A quel punto i commentatori si sono divisi in due, lungo quella faglia che abbiamo imparato a conoscere: c’è chi dice che va bene tutto, ma lezioni di liberalismo da Putin non ne prendiamo; c’è chi dice che, scoccia ammetterlo, ma Putin ha ragione, lo dicono orde di politici e intellettuali anche da questa parte del mondo che il liberalismo non funziona più. Questa frattura – sempre identica a se stessa, ma molto profonda e anche dolorosa – sancisce il successo dell’operazione di Putin: è questo che vuole, il presidente russo, dividerci.
«Liberalismo» in occidente è diventato un termine controverso e a tratti indicibile: persino il liberalissimo presidente francese, Emmanuel Macron, ha deciso di non mettere alcun riferimento nel nome del suo nuovo partito europeo, Renew Europe. Non si può certo dire che Macron sia poco coraggioso nel suo liberalismo, ma un po’ di tattica e cautela servono sempre: il popolo va pur sempre convinto. Per di più, il liberalismo è diventato ormai il simbolo di tutti i mali anche in territori politici che dovrebbero avere a cuore quella libertà che sta alla base etimologica del termine, con effetti perversi e anche parecchio miopi.
Piaccia o no, non c’è grafico, trend, analisi che non dimostri che benessere e liberalismo vanno a braccetto, e che anzi questa formula ha permesso di coccolare e compiere molti progressi. Ma anche i fatti e i numeri sono ormai strattonati dall’ideologia e così ci siamo ritrovati nella bizzarra posizione di doverci sentir dire da Putin che il liberalismo è obsoleto, cioè siamo stati sgridati da un leader che per mantenere il potere ha sacrificato la stragrande maggioranza delle libertà del suo Paese – non ultima quella libertà economica che ha contribuito a impoverire la Russia. Ce lo dimentichiamo con straordinaria ostinazione, ma l’economia russa non è affatto prospera: il pil pro capite è la metà di quello americano, ma un altro dato interessante dice che la crescita in rapporto al pil per ogni russo è stata, dal 2009 al 2018, soltanto di 1,8 per cento ogni anno. Il legame virtuoso tra libertà, progresso e ricchezza è dimostrato proprio dal caso russo.

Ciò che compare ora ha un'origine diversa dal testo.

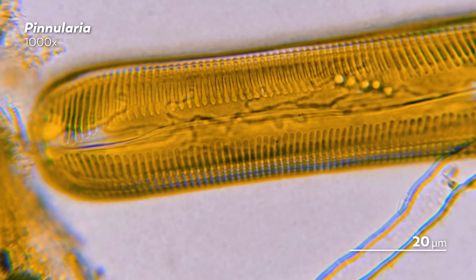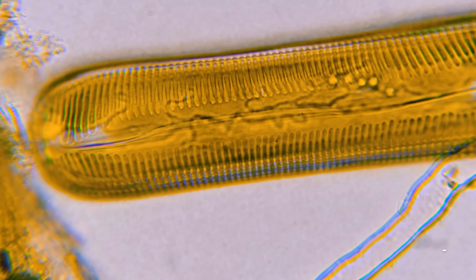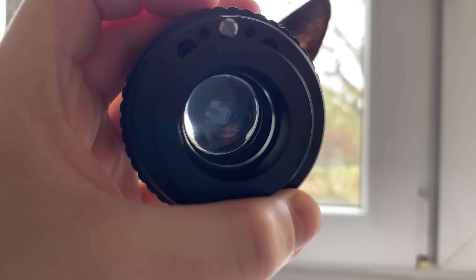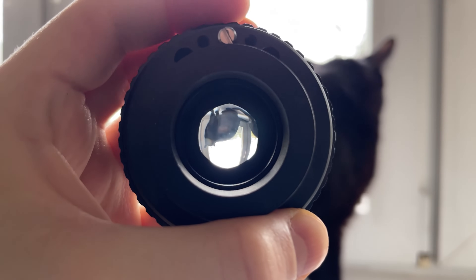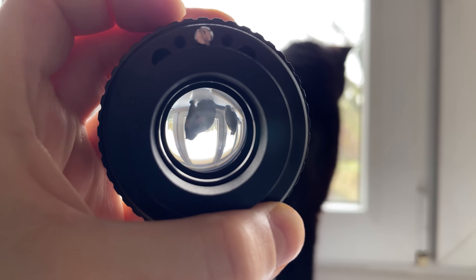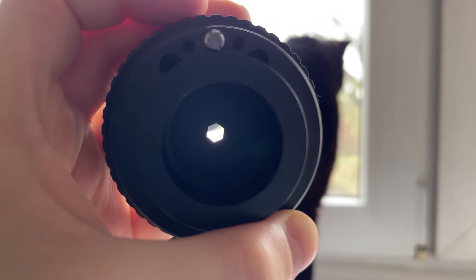Now once you have your slide on the microscope stage, the next thing you'll want to play around with is how much light is reaching the slide, because that will influence the quality of the image you see. With too much light, all the little details, like the ridges along this pineal area, might get washed out. Now one thing you can do is just dim the light source, but the tool that's really going to help you adjust the amount of light is the condenser diaphragm, which James is helpfully demonstrating here with the help of his cat.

Ma i fatti e i numeri, dicevamo, non contano. Conta che il presidente americano, Donald Trump, quando gli viene chiesto se il liberalismo è obsoleto si mette a parlare della California e delle politiche liberal, cioè di quella che lui chiama la «deriva socialista» del Partito democratico: se il presidente degli Stati Uniti non sa nemmeno di che cosa si parla quando si parla di liberalismo, diventa tutto un po’ complicato. Per di più in una stagione in cui il fascino per le idee forti, per gli uomini forti ha la meglio su tutto il resto. Così la difesa del liberalismo non è toccata a Trump, che non ne è nemmeno capace – e probabilmente non la farebbe comunque, il che è peggio – ma agli europei che più sono stati e sono esposti alla minaccia russa.

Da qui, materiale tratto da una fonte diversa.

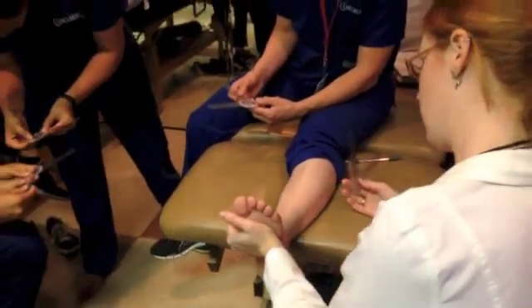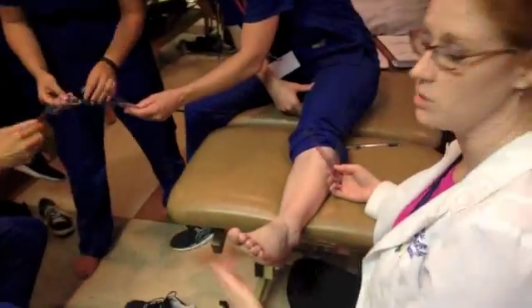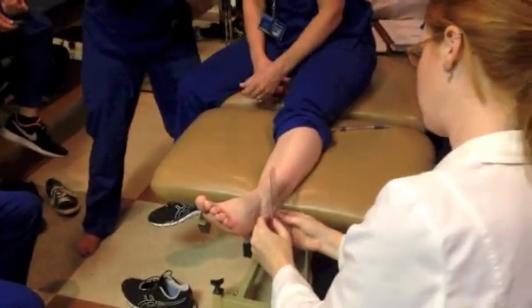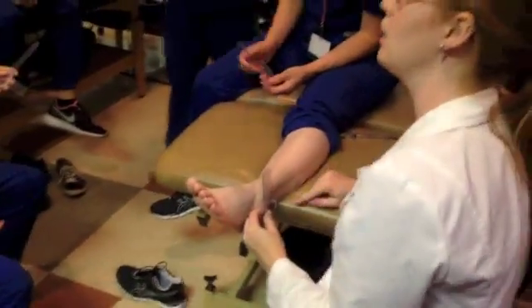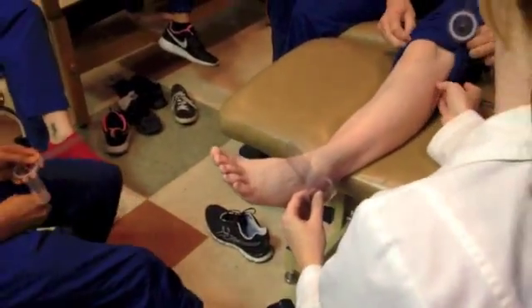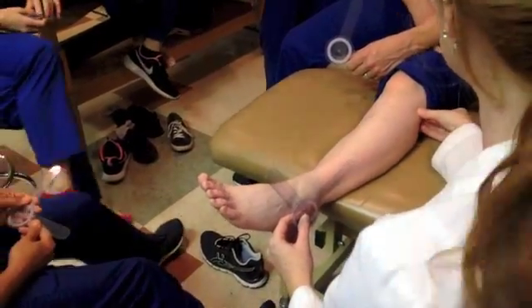Our fulcrum is the lateral malleolus, so you're going to be on the lateral side of your patient. I'm going to take my fulcrum to the lateral malleolus. Now my stationary arm is going to line up with the lateral midline of the fibula, and I have to make sure that it points all the way up to the fibular head, which we haven't really palpated yet, but it's up here.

Quando l’assenza di libertà la puoi vedere da vicino o anzi l’hai anche vissuta sulla tua pelle, trovi presto le parole per uno come Putin. L’europeista polacco Donald Tusk, presidente del Consiglio europeo in uscita (al suo posto è stato nominato il belga Charles Michel), ha detto: «Chiunque dichiari che la democrazia liberale è obsoleta dice anche che le libertà sono obsolete, lo stato di diritto è obsoleto, i diritti umani sono obsoleti». Si carica il liberalismo di ogni accezione negativa possibile, ma obsoleto, tanto per dirne una, è il ritorno di ideologie che sono state seppellite dalla storia (liberale), un revival tanto violento che sono tornati gli omicidi politici di stampo neonazista, come quello di Jo Cox in Inghilterra nel 2016 e quello recentissimo del politico tedesco cristianodemocratico Walter Lübcke. E ancora ci voltiamo dall’altra parte, anzi siamo addirittura ossequiosi con il putinismo, rendendo attuale quel che sì era davvero obsoleto.